In April last year, I wrote an article titled “Go Big Or Go Home” about the planned spin-off of real estate giant CapitaLand in Singapore.
The split took the real estate development part of the private company and merged their property management and investment into CapitaLand Investment Ltd (OTCPK: CLILF). It began to be marketed under this name on September 20, 2021.
It has a market capitalization of SGD 19.7 billion and assets under management of SGD 124 billion, which equates to USD 89.4 billion.
Part of that is 5 REITs they created and sponsored with stakes between 18% and 39%. These are CapitaLand Integrated Commercial Trust, Ascendas REIT, Ascot Residence Trust, CapitaLand China Trust, Ascendas India Trust and CapitaLand Malaysia Trust. These REITs own 375 properties spread across the world but mainly concentrated in Singapore and China. The sponsor’s stake has a market value of SGD 7.7 billion.
Its objective is to reach approximately SGD 100 billion by 2024 in funds under management.
CLILF can be purchased in the US, but I don’t know which brokers are executing trades under this name. My suggestion would be to consider buying the shares on the Singapore Stock Exchange through your broker.
The stock is off to a very good start.
Let’s take a look under the hood to see if it’s a good investment.
The CLILF only publishes financial results twice a year, an interim report after FH and a final report for FY. They do, however, give some indication of the development as they have declared the income.
I always like to see a company’s profitability, balance sheet, ability and willingness to return some of the money it makes to all of its shareholders.
As of March 31, 2022, the company held SGD 8.1 billion in group cash and undrawn facilities, which is sufficient to support the operation and still has dry gunpowder available should new investment opportunities arise. present.
Their debt ratio is healthy, with a net debt to equity of 0.48x and a net debt to total assets of only 0.29x
The implied interest cost is 2.6% with an interest coverage ratio of 6.2x. Here is their loan schedule.
In terms of profitability, the ROE was 8.7% in 2021 which is acceptable.
The NAV per share was 3.123 SGD, which gives us a price/NAV of 1.23
EPS for the 2021 financial year was 26.23 Singapore cents
The “old” CapitaLand did not have a very good track record in terms of a stable dividend.
Nevertheless, it says in the gospel that “the old life is gone, and a new life has begun!” However, judging from their first year when they declared and paid a dividend of 15 Singapore cents, that gives investors a dividend yield of 3.92%, which isn’t fantastic.
Time will tell if they will distribute more in the years to come.
Although they do not release financial results every quarter, they do provide investors and shareholders with business updates every quarter.
In their Q1 2022 business update, they reported good news as the reopening of economies following the COVID-19 pandemic began to benefit the business. An example of this is the increase in activities in Singapore and China, which are important markets for the company.

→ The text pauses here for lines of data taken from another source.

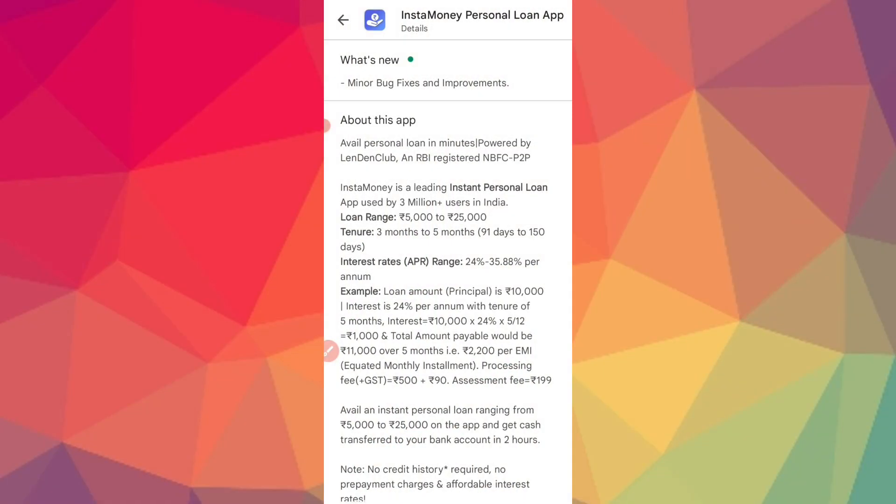Hello guys, in this video you can use a small personal loan for this application.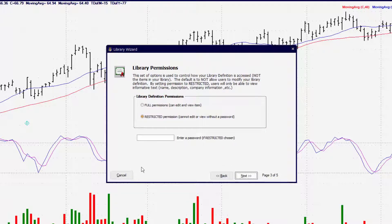Hit Next. This allows you to set controls on who can view the code and if it can be accessed. If you have very complex indicators that you wish not to share the Trade Sense code with others, you would select Restricted. Restricted requires that anyone viewing the code enter a password, which you can provide to others or keep solely to yourself. If you select Full Permissions, anyone with access to the library will be able to look at and view all of the Trade Sense code associated with any of the functions.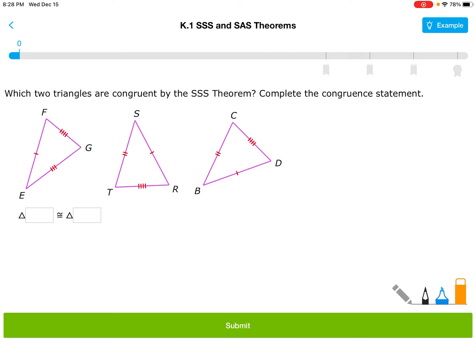I've only got one triangle left — that's BCD. I go to BD, marked with one, and BC, marked with two. The only other triangle with a two-dash marking is the middle one. So I'm going to say that those two triangles are, in fact, the same.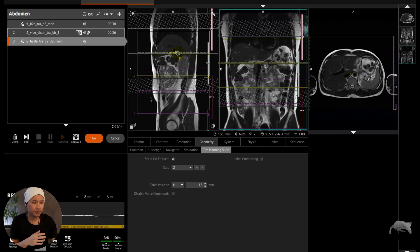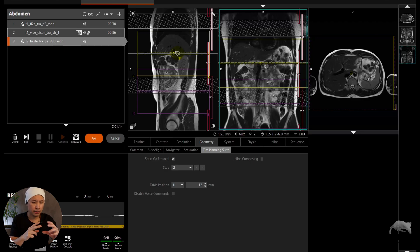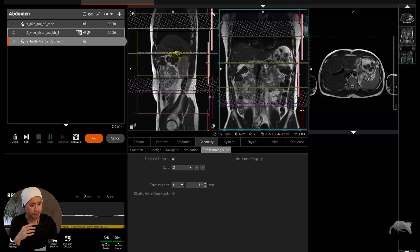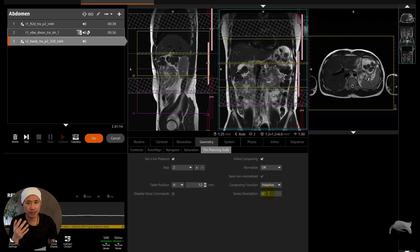As previous, but of course it's a 3D sequence versus a 2D, but however, it's much faster. The field of view is upon each other and so on. And the next part you can do now is just put on the Inline Composing, so you're making sure that your T2 HASTE will also automatically compose itself whenever it's finished.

However, it also faced new challenges, with inflation wreaking havoc on consumer confidence and rising interest rates. We have also seen an increase in COVID-19 cases in China, so it will be interesting to see the government’s response. I think it could be a little less drastic.
I like their capital recycling business philosophy as it is one of the most profitable aspects of real estate investing.

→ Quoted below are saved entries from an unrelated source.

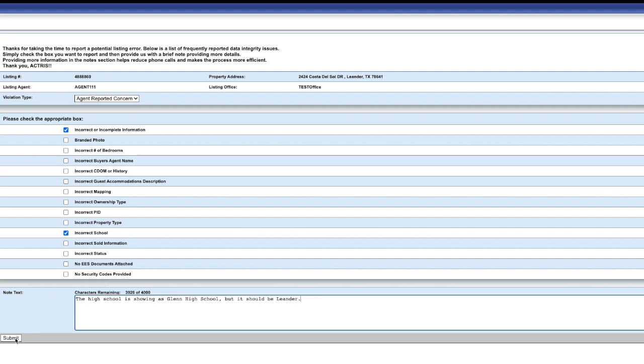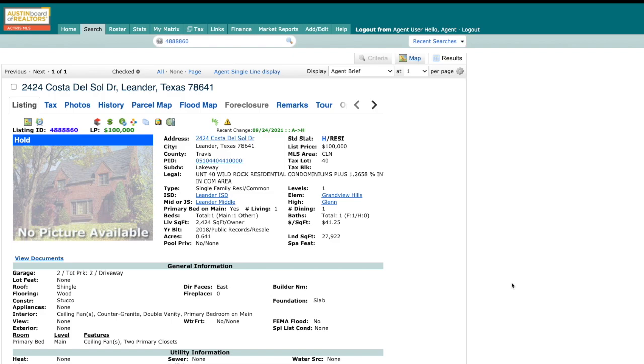One other important thing to mention: when you use the Report It tool, you will remain completely anonymous and the listing subscriber will not know which fellow agent reported their listing.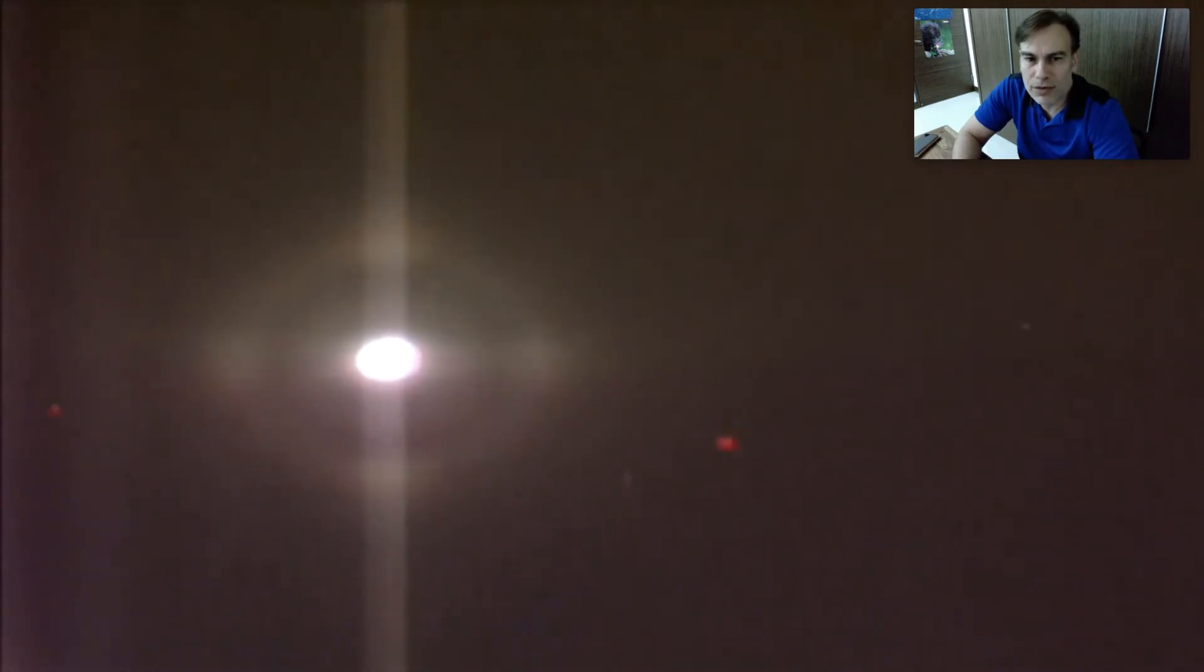But NASA keeps an eye on it until finally they go blue screen. After blue screen it disappears, it's not there anymore. So look at this object. This is live video feed that I recorded from the International Space Station and I actually see a cross.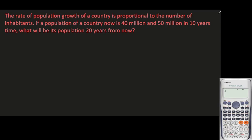In this video we'll be solving another problem about population growth, still in our topic on the applications of first order differential equations. The rate of population growth of a country is proportional to the number of inhabitants. If the population of a country now is 40 million and 50 million in 10 years time, what will be its population 20 years from now?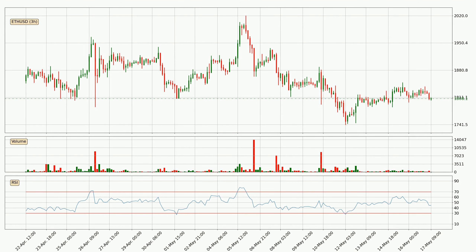Jumping to the three hourly relative strength index, the current three hourly RSI is at 45, so there are currently no signs of the crypto being overbought or oversold.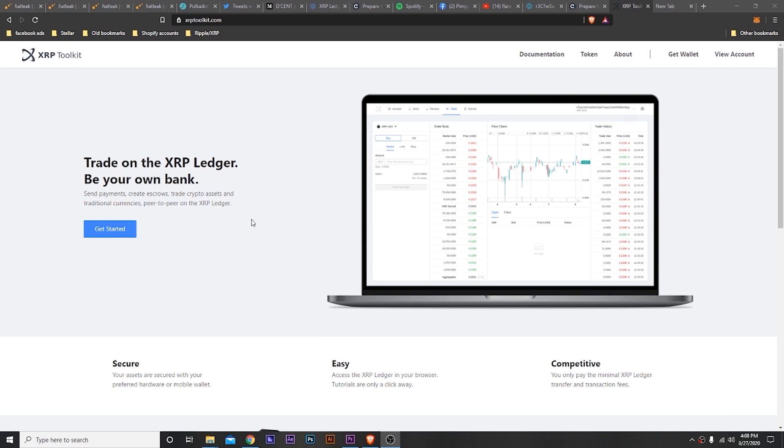This is XRP Toolkit. What you do is when you come here, you're going to hit Get Started, and then it's going to go into a screen that's going to show your ledger to connect.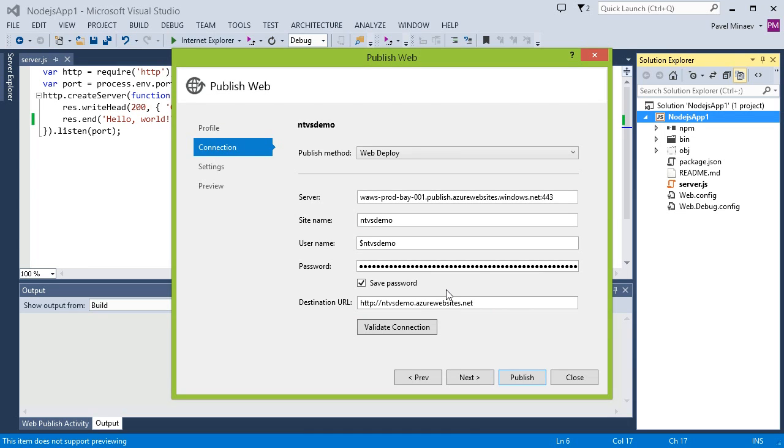Now, before I start the publish process, there is one more thing that needs to be done here. To enable remote debugging, the project has to be deployed in the debug configuration. This is specified on the settings tab of the publishing wizard.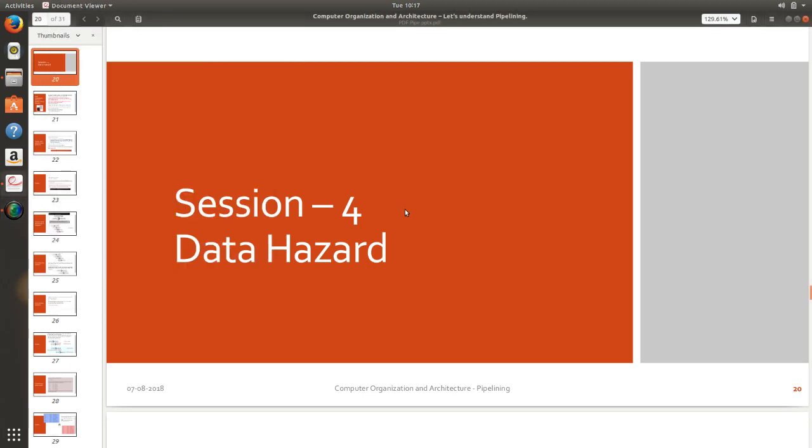Welcome back friends. So in this session I am going to talk about data hazards. We have earlier seen about structural hazard which was 100% connected with respect to availability of the hardware components.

After all, the leasing business is competitive because capitalization rates, called capitalization rates, are usually very low. As I pointed out in my book on value investing, the reference to that book is below, you don’t get rich by renting out a property. Most of the money is in the appreciation of an asset. Therefore, if one is shrewd in recycling capital, it makes all the difference.

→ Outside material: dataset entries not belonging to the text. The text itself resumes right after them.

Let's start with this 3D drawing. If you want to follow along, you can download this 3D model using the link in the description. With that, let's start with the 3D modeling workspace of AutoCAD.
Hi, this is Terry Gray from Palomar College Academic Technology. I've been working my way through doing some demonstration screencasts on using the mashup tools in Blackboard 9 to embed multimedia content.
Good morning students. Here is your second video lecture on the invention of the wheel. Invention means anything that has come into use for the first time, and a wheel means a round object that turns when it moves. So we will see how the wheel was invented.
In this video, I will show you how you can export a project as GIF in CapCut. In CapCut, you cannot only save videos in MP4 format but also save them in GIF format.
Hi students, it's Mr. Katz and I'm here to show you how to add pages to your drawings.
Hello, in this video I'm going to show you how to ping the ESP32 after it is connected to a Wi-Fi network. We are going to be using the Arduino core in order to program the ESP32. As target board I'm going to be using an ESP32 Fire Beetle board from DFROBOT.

Investors are clearly happy with the “new” CapitaLand Investment. Not only has it risen 30% since it started trading, it has been able to beat the Straits Times Index and the S&P 500 so far this year.
The sixty-four thousand dollar question is, is all the “good news” accounted for already?
Much will depend on whether we are in a long period of stagflation, as I would like to call it, or whether it is short-lived.
I believe CLILF is conservatively funded and well positioned. Nevertheless, I think the share price is fair and leaves little safety margin.
As such, I am placing a Hold position on CLILF at this time.